O que se vê ao redor dele é uma confusão. Os filhos não se entendem com o vice, o general Hamilton Mourão, e todos desautorizaram Paulo Guedes quando seu plano para os impostos veio à tona. Como confiar? 

A turma envolvida com eles é de primeiríssima linha. Sabem exatamente o quê e como fazer. A equipe ainda está em formação, aprendendo a trabalhar junto.

De quem o sr. está falando?

Guedes é o único assessor que aparece em público, mas tem evitado debates e entrevistas. Sim, mas é normal. Ele já disse publicamente que há entre 30 e 40 pessoas com ele.

O sr. os conhece?

Conheço. Estive com vários. Vimos a evolução deles. Tinham um plano mais conceitual lá atrás e agora estão formulando propostas, conversando com a Fazenda. É uma construção. 

Pode nomear alguém?

Prefiro não falar. Mas tive contato com várias dessas pessoas, e todas são muito boas. Não tem dono da verdade.
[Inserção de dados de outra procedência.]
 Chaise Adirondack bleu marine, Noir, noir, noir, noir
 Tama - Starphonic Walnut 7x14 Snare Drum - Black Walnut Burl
Estão em busca da melhor solução. 

Bolsonaro teria apoio no Congresso, sem ter partido forte nem aliados? 

Quando a pessoa diz que o Brasil tem esse problema e é eleita com um programa para resolvê-lo, é muito difícil para o Congresso dizer não. Todos sabem que temos um problema nas contas públicas. O Congresso sabe.

A revista The Economist afirma que Bolsonaro é uma ameaça à democracia.
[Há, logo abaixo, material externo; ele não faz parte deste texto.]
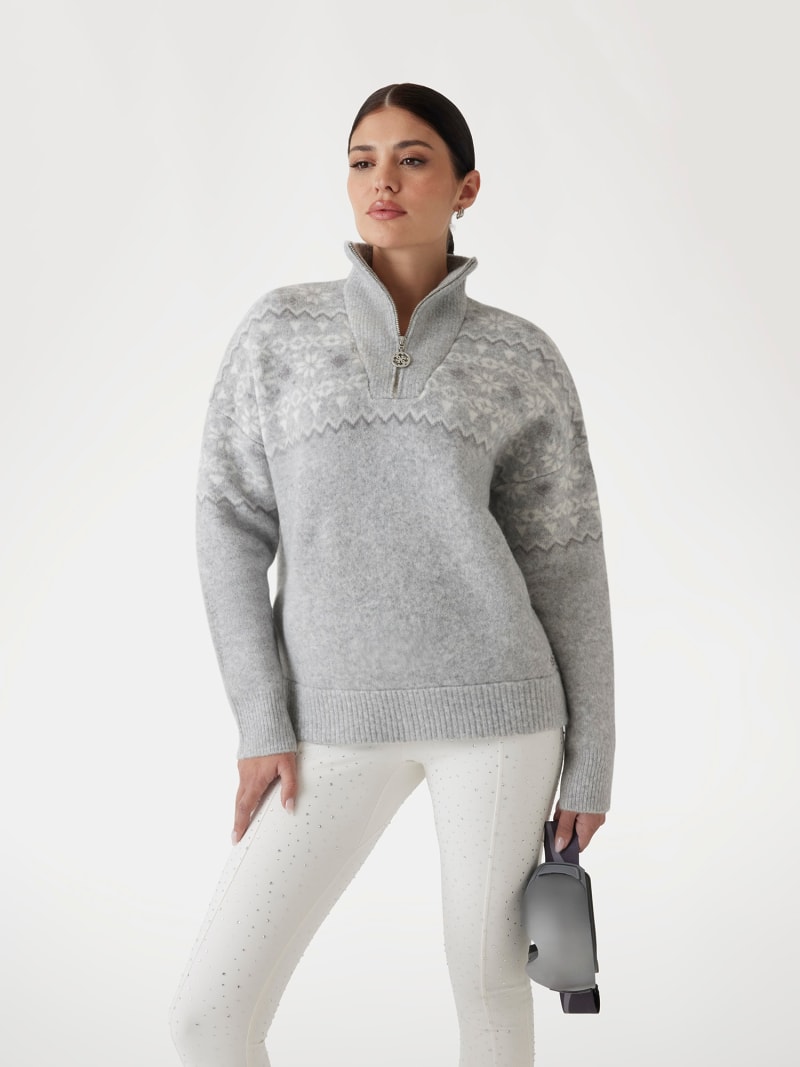 GUESS® Nordic wool-blend half-zip sweater Women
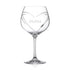 Personalised Celebration Heart Gin Glass with Swarovski Crystals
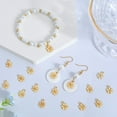 thumbnail image 4 of 1 Box 100Pcs Gold Flower Charms Floral Charms Bulk Alloy Cute Spring Plant Small Blossom Charms for Jewelry Making Charms Supplies Accessories Necklace Bracelet Making Crafting Women gold DIY, 4 of 6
O receio é meritório, mas é uma questão de opinião. Não acredito em rompimento das regras do jogo democrático. Está para nascer a pessoa que conseguirá fazer isso. O Congresso não vai deixar. É só lembrar o que aconteceu nos governos do PT. 

A que o sr. se refere? O general Mourão chegou a admitir a possibilidade de autogolpe. O PT nunca sugeriu algo parecido.
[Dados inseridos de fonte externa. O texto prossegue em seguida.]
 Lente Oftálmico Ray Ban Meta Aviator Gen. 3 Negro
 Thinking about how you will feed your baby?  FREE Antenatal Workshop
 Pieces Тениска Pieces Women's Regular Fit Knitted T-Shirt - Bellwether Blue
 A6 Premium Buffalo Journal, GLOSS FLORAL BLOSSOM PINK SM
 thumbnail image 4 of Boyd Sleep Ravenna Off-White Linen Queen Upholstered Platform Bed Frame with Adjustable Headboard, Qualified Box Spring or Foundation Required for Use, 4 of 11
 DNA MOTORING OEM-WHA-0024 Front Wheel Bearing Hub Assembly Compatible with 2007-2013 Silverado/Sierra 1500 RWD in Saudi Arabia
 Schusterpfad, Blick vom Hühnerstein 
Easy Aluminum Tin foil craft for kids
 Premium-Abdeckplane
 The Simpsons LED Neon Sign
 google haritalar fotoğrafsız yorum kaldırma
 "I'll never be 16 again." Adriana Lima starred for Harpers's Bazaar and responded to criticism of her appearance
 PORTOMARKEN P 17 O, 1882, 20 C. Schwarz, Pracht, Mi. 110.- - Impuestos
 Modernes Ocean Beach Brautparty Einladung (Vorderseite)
Tentaram restringir a imprensa, ameaçaram tomar várias medidas de controle. Nada foi para frente, porque o Congresso não permitiu. E como alguém que é parlamentar há 20 anos, como Bolsonaro, pode ser considerado antidemocrático? 

Cada candidato no fim é uma espécie de caricatura. Sempre tem muito exagero no que as pessoas falam na campanha. E tem também o que a oposição faz para colocar um selo na pessoa, dizer que ela é assim ou assado. O que a pessoa será, a gente vai ver.

O PSDB também aponta o perigo de uma guinada autoritária. O mercado subestima esse risco?

Todos sabem muito bem quais são os problemas que estamos enfrentando e os preços já embutem um prêmio substancial de desajuste, de descontinuidade. O mercado já projeta a necessidade de uma alta dos juros lá na frente. O risco de um governo Bolsonaro é bem pequeno. 

Uma vitória da direita enfraqueceria forças políticas de centro como o PSDB. Ele fará falta?

Votei no PSDB minha vida inteira. Se ficarem fora do segundo turno e apoiarem o PT, nunca mais votarei neles. Desde o fim do governo Fernando Henrique, o partido só nos surpreendeu negativamente. Nunca foi oposição de fato e votou contra coisas que sempre defendeu. 

Se ele perder expressão e for engolido agora, é porque não fez a coisa certa. Mas o buraco será preenchido de alguma maneira. Parte da população que não se identificava com os tucanos na oposição se identificou com Bolsonaro. Ele soube ocupar esse espaço.